▸ **Brief**: What you give back from the listing below should be an exact copy of the lines from the one with "Warhammer Age of" down to the one with "mit Helena Gareis", and it should contain no pictures.

▸ **Supplied records**:
+ + + + + + +
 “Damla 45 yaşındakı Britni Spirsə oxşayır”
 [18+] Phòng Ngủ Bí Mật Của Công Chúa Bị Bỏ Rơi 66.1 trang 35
+ + + + + + +
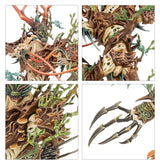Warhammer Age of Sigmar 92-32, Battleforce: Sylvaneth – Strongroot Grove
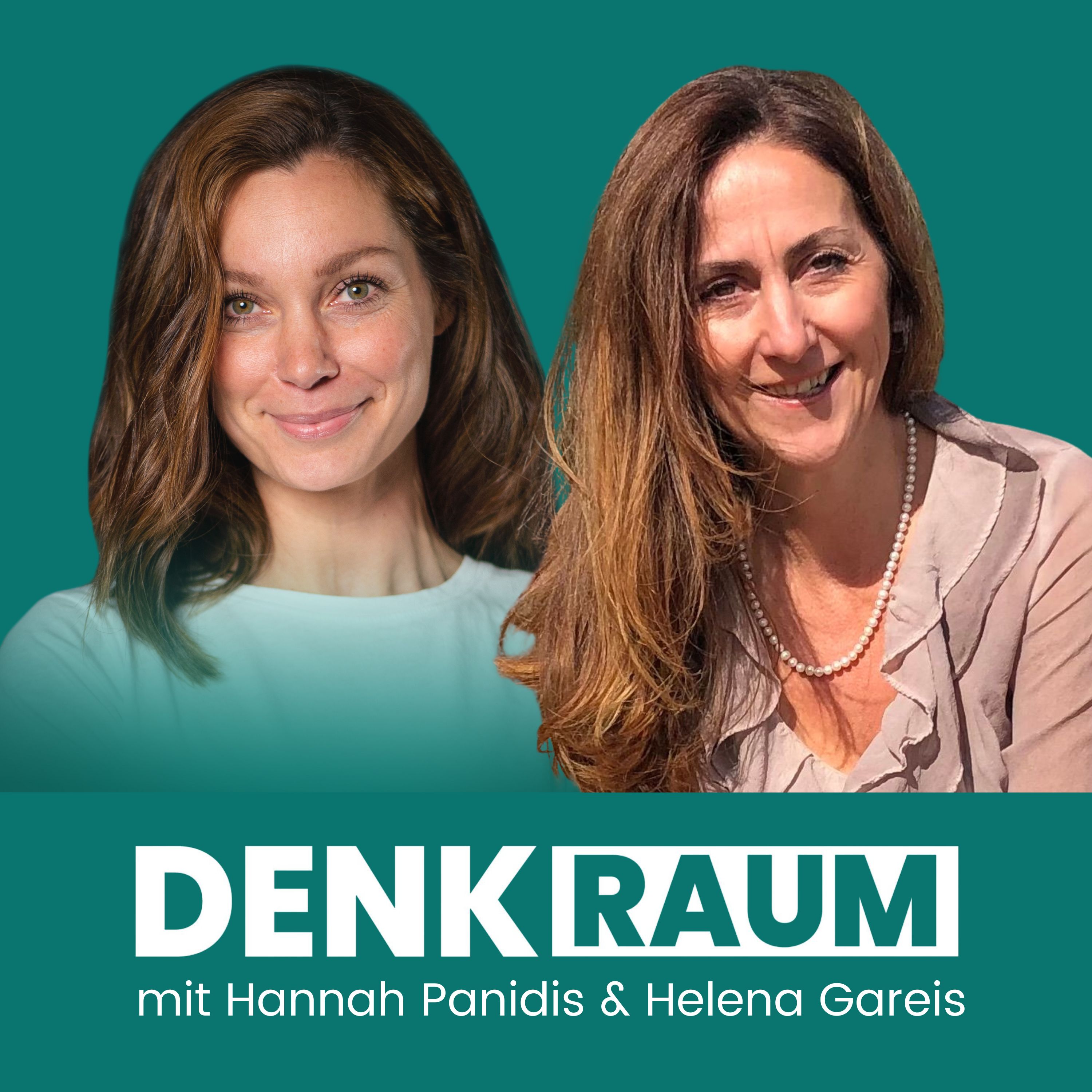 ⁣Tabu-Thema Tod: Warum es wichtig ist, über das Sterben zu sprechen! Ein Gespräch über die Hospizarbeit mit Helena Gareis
+ + + + + + +
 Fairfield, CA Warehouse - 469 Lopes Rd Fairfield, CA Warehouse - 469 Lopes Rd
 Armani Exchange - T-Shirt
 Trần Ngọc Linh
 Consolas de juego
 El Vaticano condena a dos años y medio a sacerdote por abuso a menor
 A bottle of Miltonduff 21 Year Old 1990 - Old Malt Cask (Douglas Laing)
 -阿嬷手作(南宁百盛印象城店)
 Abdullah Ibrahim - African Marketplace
+ + + + + + +
▸ **Answer to the problem**:
Warhammer Age of Sigmar 92-32, Battleforce: Sylvaneth – Strongroot Grove
 ⁣Tabu-Thema Tod: Warum es wichtig ist, über das Sterben zu sprechen! Ein Gespräch über die Hospizarbeit mit Helena Gareis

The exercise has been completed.